Kentville Police Service.
Investigators are in Kentville this afternoon in response to an incident that has been reported to the Serious Incident Response Team (SiRT).
Shortly before 7 a.m. on May 23, Kentville Police received a 911 call from a 31-year-old male who works at a business in the Kentville Industrial Park. Upon arrival, officers concluded the circumstances justified placing the man in custody and taking him to hospital under the provisions of the Involuntary Psychiatric Treatment Act. A struggle ensued, during which time the police used a conducted energy weapon, more commonly known as a taser.
The man was placed into custody and taken to the Valley Regional Hospital. While there, it was discovered that he had suffered a fracture in his leg.
As a result of that injury, Kentville Police contacted SiRT who have assumed responsibility for the investigation into the circumstances surrounding the man’s arrest.
Ron MacDonald, director of the province’s independent team, says that while he believes there have been a few files involving Kentville Police in the past, this is the first incident that has warranted a full investigation.
The Serious Incident Response Team is responsible for investigating all serious incidents involving police in Nova Scotia, whether or not there is an allegation of wrongdoing.

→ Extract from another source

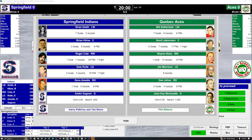Hello everyone, this is Al, Red Sox fan, coming to you from the Al Red Sox fan YouTube channel. Hope all is well. We're going to bring you some Action PC Hockey 2022 version, American Hockey League homebrew, created season by the community, 1966-67. Springfield Indians, 3-9-3, taking on the Quebec Aces, 7-4-4.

Investigations are under the direction and control of MacDonald, an independent civilian director.
The team can independently begin an investigation after a referral from a chief of police, the head of the RCMP in Nova Scotia or the Minister of Justice. It can also investigate after a complaint from the public.
The man who was arrested was kept in hospital initially, but MacDonald believes that “may be more related to his mental health than his physical health,” adding that the man may have been released from medical care by now.
Members of the SiRT were on the scene May 23 and were hoping to speak to witnesses. They are also hoping to speak to other witnesses, who can call SiRT at 1-855-450-2010.
“Anyone who may have seen this, we’re hoping they will contact us,” MacDonald said.
The Police Act requires the director to file a public report summarizing the result of the investigation within three months after it is finished.